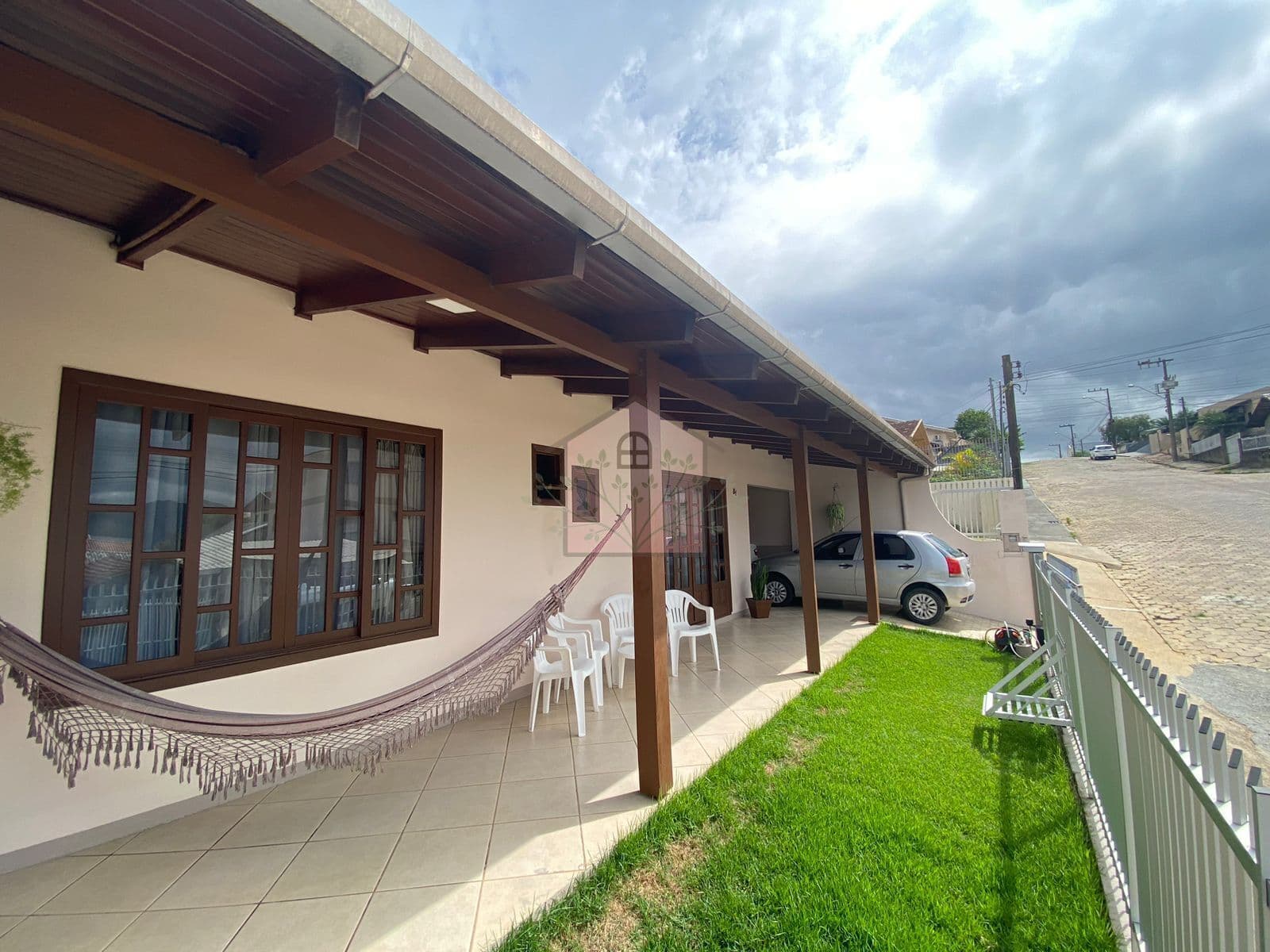 Casa em Rio do Sul - Taboão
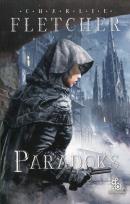 Okładka książki Paradoks. Trylogia Nadzoru. Tom 2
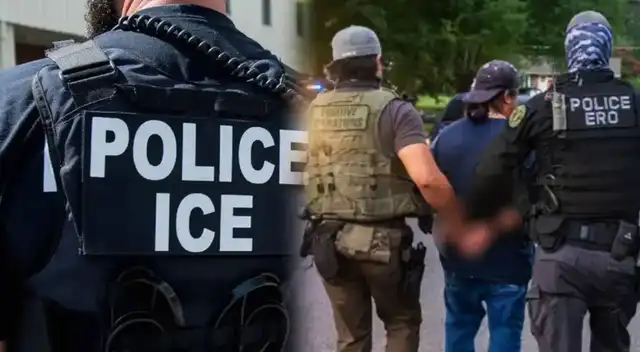 ICE se hizo presente en esta zona de Utah y muchos faltaron al trabajo por temor. ICE se hizo presente en esta zona de Utah y muchos faltaron al trabajo por temor.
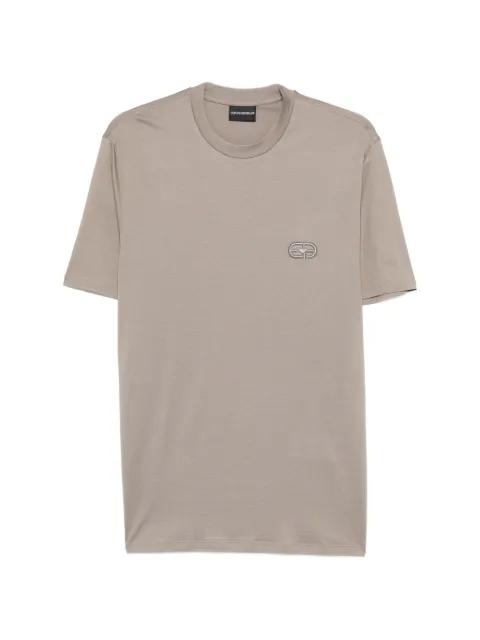 logo T-shirt by EMPORIO ARMANI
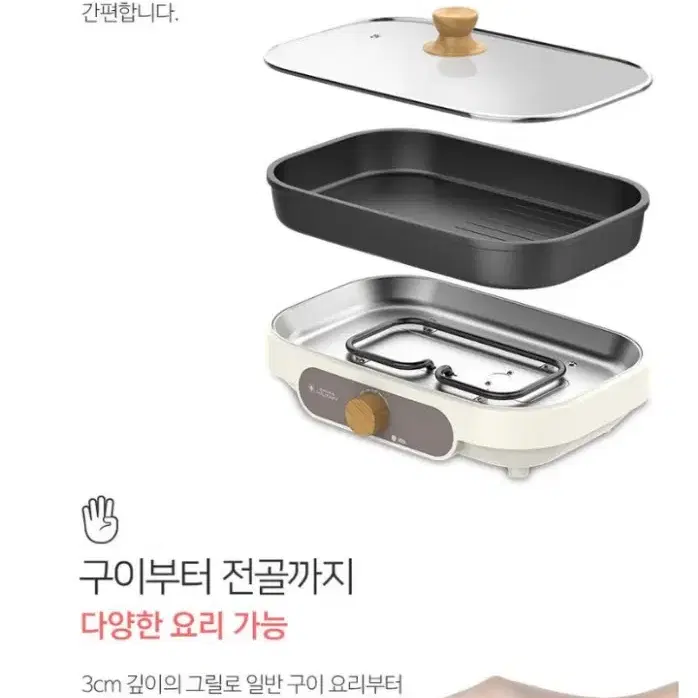 (새상품) 스위스 밀리터리 분리식 전기그릴 배송비 포함입니다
────────────────
> [EXERCISE PROMPT]
What you return should match the entries word for word, pictures aside.

> [ANSWER TO THIS TASK]
 Casa em Rio do Sul - Taboão
 Okładka książki Paradoks. Trylogia Nadzoru. Tom 2
 ICE se hizo presente en esta zona de Utah y muchos faltaron al trabajo por temor. ICE se hizo presente en esta zona de Utah y muchos faltaron al trabajo por temor.
 logo T-shirt by EMPORIO ARMANI
 (새상품) 스위스 밀리터리 분리식 전기그릴 배송비 포함입니다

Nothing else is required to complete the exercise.